[Stored dataset items]

****************************************

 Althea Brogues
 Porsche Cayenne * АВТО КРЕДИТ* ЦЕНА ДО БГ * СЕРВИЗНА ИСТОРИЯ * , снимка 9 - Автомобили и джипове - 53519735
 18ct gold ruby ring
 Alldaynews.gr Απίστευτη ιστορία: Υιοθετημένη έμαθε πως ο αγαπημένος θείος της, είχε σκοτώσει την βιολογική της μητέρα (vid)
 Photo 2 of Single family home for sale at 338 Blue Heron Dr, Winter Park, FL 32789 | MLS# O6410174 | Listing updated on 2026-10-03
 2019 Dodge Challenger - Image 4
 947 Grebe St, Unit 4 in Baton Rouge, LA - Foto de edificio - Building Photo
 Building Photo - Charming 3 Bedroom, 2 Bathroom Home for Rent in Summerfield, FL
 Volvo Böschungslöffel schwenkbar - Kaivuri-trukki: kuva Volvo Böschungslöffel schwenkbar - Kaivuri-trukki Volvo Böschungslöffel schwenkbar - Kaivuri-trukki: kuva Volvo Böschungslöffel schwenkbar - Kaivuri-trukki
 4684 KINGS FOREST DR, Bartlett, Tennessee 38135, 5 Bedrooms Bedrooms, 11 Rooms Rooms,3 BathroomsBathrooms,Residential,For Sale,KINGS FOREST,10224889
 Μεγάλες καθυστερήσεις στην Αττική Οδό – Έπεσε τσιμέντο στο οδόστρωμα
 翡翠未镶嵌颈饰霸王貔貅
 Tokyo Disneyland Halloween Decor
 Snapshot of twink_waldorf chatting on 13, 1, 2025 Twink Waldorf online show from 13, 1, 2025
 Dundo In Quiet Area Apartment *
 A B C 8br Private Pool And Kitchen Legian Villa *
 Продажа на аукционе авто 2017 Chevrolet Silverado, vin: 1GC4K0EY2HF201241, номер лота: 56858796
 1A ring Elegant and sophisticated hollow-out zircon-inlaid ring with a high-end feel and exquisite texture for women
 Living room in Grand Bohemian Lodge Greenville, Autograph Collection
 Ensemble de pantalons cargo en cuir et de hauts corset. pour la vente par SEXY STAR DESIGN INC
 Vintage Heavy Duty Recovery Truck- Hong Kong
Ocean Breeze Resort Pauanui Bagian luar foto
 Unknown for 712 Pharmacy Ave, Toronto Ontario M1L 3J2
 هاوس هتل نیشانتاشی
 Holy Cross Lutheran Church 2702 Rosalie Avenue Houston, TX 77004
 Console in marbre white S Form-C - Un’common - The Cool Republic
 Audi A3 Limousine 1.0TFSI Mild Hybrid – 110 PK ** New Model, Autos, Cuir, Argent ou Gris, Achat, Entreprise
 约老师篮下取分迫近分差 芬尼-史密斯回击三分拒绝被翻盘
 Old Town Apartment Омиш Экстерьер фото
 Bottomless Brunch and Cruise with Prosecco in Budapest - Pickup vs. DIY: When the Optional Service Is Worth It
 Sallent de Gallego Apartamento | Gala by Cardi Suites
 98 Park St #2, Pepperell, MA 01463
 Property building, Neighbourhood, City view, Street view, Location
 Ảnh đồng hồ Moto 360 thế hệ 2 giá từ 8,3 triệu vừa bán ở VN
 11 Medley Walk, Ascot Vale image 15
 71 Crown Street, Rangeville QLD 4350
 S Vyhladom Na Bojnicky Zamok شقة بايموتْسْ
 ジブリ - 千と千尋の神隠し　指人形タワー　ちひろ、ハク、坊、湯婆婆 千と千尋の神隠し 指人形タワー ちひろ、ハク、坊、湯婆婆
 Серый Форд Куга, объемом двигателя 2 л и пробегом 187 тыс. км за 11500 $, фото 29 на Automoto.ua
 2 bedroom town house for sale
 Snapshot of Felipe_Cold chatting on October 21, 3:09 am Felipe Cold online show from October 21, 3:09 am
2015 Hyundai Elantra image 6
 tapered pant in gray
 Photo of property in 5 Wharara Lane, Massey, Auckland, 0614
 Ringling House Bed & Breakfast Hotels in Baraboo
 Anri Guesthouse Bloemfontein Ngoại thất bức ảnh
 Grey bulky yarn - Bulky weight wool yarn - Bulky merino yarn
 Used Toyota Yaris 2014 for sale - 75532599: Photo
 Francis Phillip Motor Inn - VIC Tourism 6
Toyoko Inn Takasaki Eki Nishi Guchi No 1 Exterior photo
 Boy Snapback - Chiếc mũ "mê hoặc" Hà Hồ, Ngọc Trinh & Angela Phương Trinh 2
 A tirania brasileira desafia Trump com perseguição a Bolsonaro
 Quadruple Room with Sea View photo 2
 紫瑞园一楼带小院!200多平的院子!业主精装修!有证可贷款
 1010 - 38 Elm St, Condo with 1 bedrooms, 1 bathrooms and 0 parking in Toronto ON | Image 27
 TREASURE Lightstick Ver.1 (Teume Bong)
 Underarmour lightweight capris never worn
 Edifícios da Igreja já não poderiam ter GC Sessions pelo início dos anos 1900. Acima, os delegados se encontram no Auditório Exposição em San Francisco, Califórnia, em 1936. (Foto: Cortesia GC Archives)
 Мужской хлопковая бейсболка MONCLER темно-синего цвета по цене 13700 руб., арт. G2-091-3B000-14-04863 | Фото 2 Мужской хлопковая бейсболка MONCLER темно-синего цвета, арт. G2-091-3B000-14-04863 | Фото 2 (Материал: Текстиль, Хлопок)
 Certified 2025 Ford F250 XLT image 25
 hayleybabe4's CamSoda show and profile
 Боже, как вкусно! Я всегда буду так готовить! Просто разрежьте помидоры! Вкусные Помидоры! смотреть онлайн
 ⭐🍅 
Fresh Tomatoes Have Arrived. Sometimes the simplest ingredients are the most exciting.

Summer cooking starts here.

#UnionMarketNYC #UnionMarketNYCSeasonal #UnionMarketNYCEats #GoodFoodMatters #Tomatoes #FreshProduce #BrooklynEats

****************************************

§ EXERCISE PROMPT
With the line containing "Building Photo - Charming" as the last one, please set down exactly the lines of the records above from their very first line, and nothing more.

§ TASK ANSWER
 Althea Brogues
 Porsche Cayenne * АВТО КРЕДИТ* ЦЕНА ДО БГ * СЕРВИЗНА ИСТОРИЯ * , снимка 9 - Автомобили и джипове - 53519735
 18ct gold ruby ring
 Alldaynews.gr Απίστευτη ιστορία: Υιοθετημένη έμαθε πως ο αγαπημένος θείος της, είχε σκοτώσει την βιολογική της μητέρα (vid)
 Photo 2 of Single family home for sale at 338 Blue Heron Dr, Winter Park, FL 32789 | MLS# O6410174 | Listing updated on 2026-10-03
 2019 Dodge Challenger - Image 4
 947 Grebe St, Unit 4 in Baton Rouge, LA - Foto de edificio - Building Photo
 Building Photo - Charming 3 Bedroom, 2 Bathroom Home for Rent in Summerfield, FL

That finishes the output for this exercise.